Interestingly, there is a spike at around 300kcal for the “A” grade foods, let’s look at what they are.

Code
df.filter(pl.col("nutriscore_grade") == "A").filter(
    pl.col("energy-kcal_100g").is_between(300, 350)
).select("product_name", "categories_en").sample(20)["product_name"].to_list()

This is containing a lot of pasta, cereal and rice, but also flour.

Let’s have a look at the top ten healthiest foods, according to their Nutriscore.

Code
df.sort("nutriscore_score").head(10)["product_name"].to_list()

And of course the ten least healthy foods.

Code
df.sort("nutriscore_score").tail(10)["product_name"].to_list()

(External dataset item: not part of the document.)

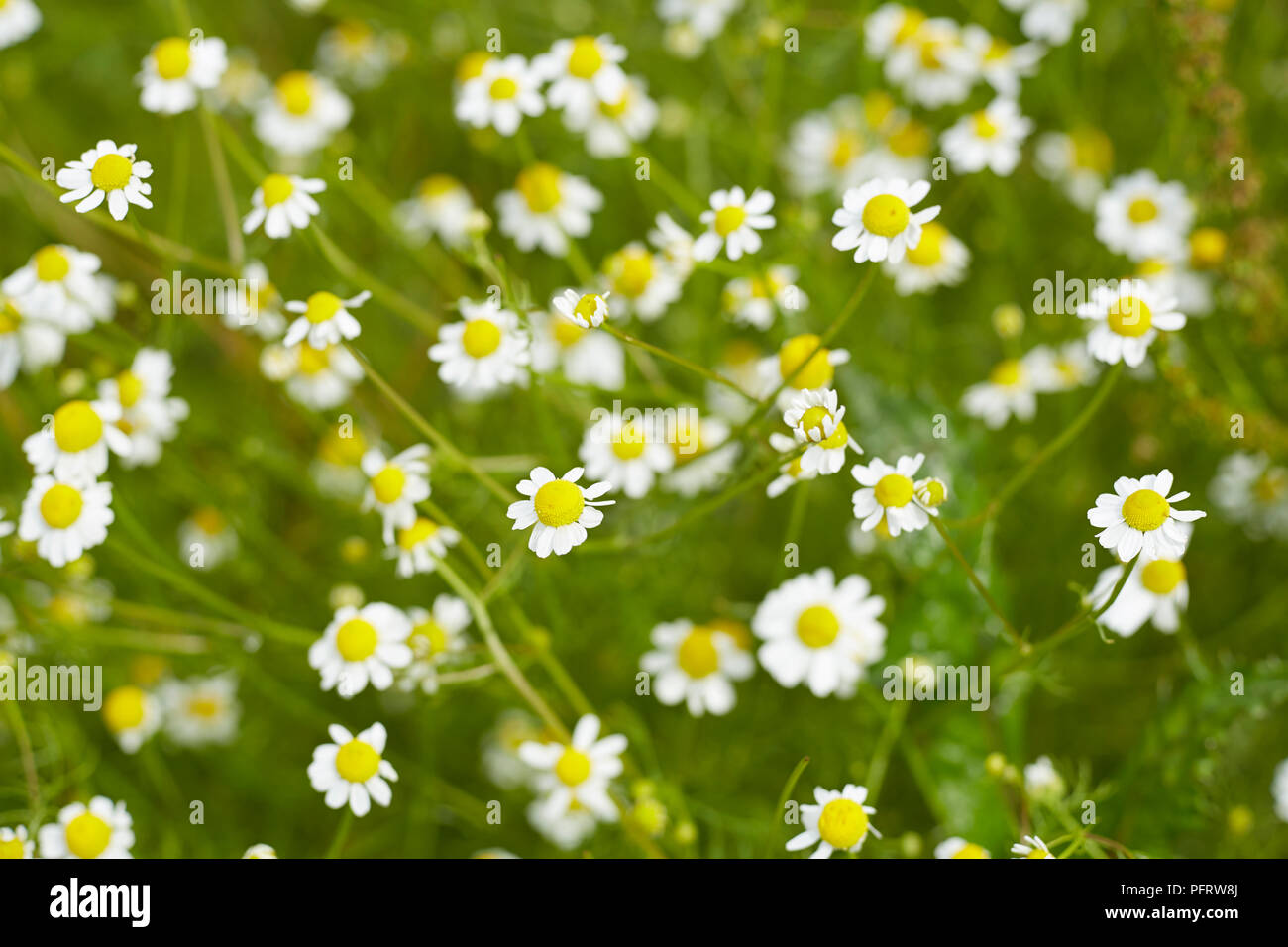 Chamomile flowers Stock Photo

This also makes sense I guess. So far so good.

Greenwashing?

Very frequently I can’t believe how a specific product got an “A” grade, like how does some chocolate get an “A” grade even though it is high of sugar. Is there any way that companies are cheating the system?

Let’s have a look at all the products that contain the word “choco” and see if we find something.

Code
x = "sugars_100g"
y = "fat_100g"
(
    alt.Chart(
        df.filter(pl.col("product_name").str.to_lowercase().str.contains("choco"))
        .sort("nutriscore_grade")
        .select(x, y, "nutriscore_grade")
    )
    .mark_point(filled=True, clip=True)
    .encode(
        x=alt.X(f"{x}:Q").scale(domain=(0, 100)),
        y=alt.Y(f"{y}:Q").scale(domain=(0, 100)),
        color=color,
    )
    .properties(width=300, height=300)
)

Hmm so this seems to suggest that “A” grades are actually properly assigned when sugar and fat content is low.

Code
x = "sugars_100g"
y = "fat_100g"
(
    alt.Chart(
        df.filter(pl.col("product_name").str.to_lowercase().str.contains("yoghurt"))
        .sort("nutriscore_grade")
        .select(x, y, "nutriscore_grade")
    )
    .mark_point(filled=True, clip=True)
    .encode(
        x=alt.X(f"{x}:Q").scale(domain=(0, 100)),
        y=alt.Y(f"{y}:Q").scale(domain=(0, 100)),
        color=color,
    )
    .properties(width=300, height=300)
)

How about “sweet snacks” (a label in the data frame) in general?

Code
x = "sugars_100g"
y = "fat_100g"
(
    alt.Chart(
        df.filter(
            pl.col("categories_en").str.to_lowercase().str.contains("sweet snacks")
        )
        .sort("nutriscore_grade")
        .select(x, y, "nutriscore_grade")
    )
    .mark_point(filled=True, clip=True, opacity=0.2)
    .encode(
        x=alt.X(f"{x}:Q").scale(domain=(0, 100)),
        y=alt.Y(f"{y}:Q").scale(domain=(0, 100)),
        color=color,
    )
    .properties(width=300, height=300)
)

What about vegan labels?

Code
x = "sugars_100g"
y = "fat_100g"
(
    alt.Chart(
        df.filter(
            pl.col("ingredients_analysis_tags").str.to_lowercase().str.contains("vegan")
        )
        .sort("nutriscore_grade")
        .select(x, y, "nutriscore_grade")
    )
    .mark_point(filled=True, clip=True)
    .encode(
        x=alt.X(f"{x}:Q").scale(domain=(0, 100)),
        y=alt.Y(f"{y}:Q").scale(domain=(0, 100)),
        color=color,
    )
    .properties(width=200, height=300)
    .facet(facet="nutriscore_grade:N", columns=3)
)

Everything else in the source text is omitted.